While New Jersey’s wine industry dates to colonial days, the height of its early success was from the 1860s to just before Prohibition when wineries flourished in Southern New Jersey, especially in the Egg Harbor City region.
Renault Winery, which still is in operation and stands as the second oldest operating winery in the United States was opened by Louis Renault in 1864.
Another winery that thrived in the 1860’s and 1870’s in the region was Black Rose Vineyards in Egg Harbor City. The winery was founded by Civil War veteran Charles Daniel Saalmann, a captain in the Union infantry during the war. Salman had participated in the battles at Second Bull Run, Chancellorsville and was wounded at Gettysburg. He later was part of General Sherman’s March to the Sea.

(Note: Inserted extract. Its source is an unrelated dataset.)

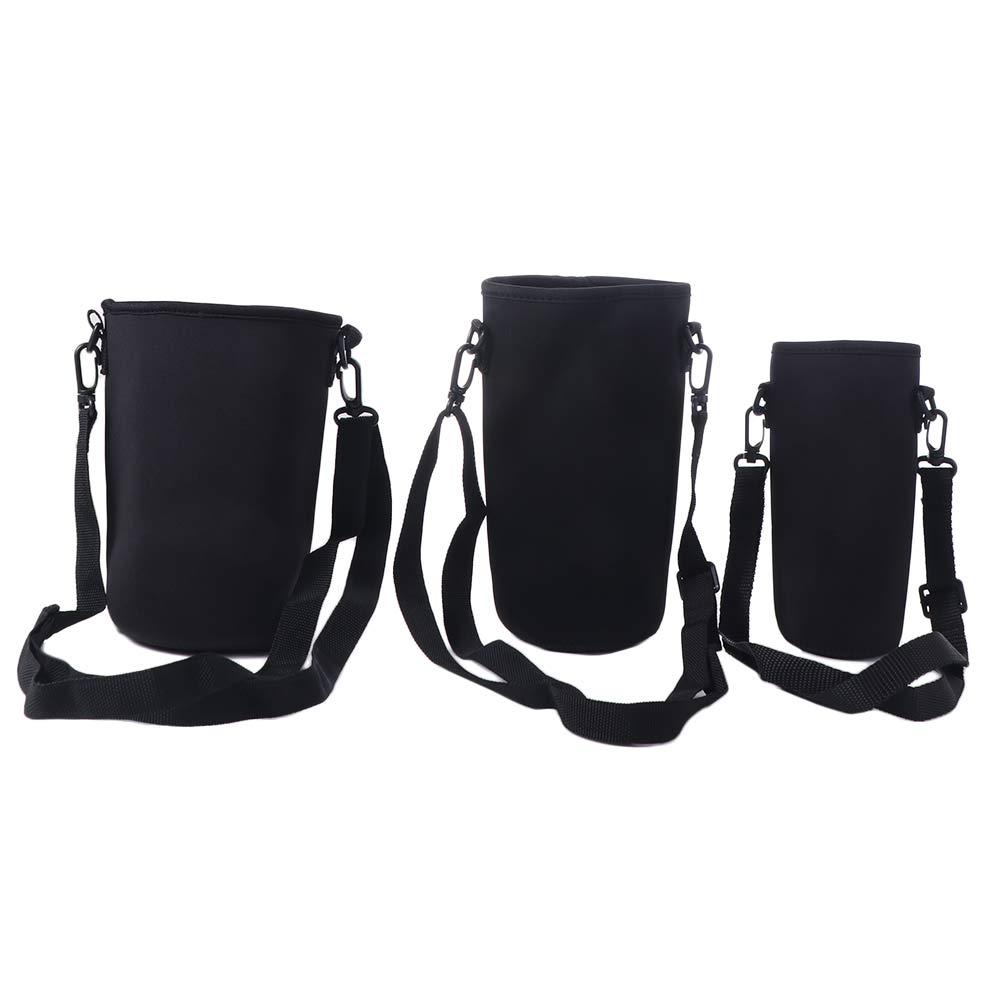 18/36/64oz Sport Cup Covers Bag Black Strap Water Bottle Cover Bag Insulated Portable Water Bottle Carrier Water Bottle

According to Wikipedia, Black Rose Vineyards premier wine was a claret under the label “Black Rose.” It was a full-bodied red wine composed primarily of the native Norton grape. Saalmann’s ‘Black Rose,’ won medals at regional competitions at the Centennial Exposition in Philadelphia in 1876 and at the Exposition Universelle in Paris in 1878.
Saalmann had built two stone wine cellars on the property. Wikipedia states his stock was 15,000 gallons, a value of $25,000 with sales at $5,000 per year.
He retired at the turn of the century leaving the vineyard to his sons Charles and William. However, Charles joined the temperance movement, and the brothers eventually gave up on the wine business and converted it into a vegetable farm.
Now the descendants of Saalman are hoping to keep part of its history alive. There are approximately 150 to 200 bottles that were salvaged from the cellars on the property and they are looking for a home for this collection.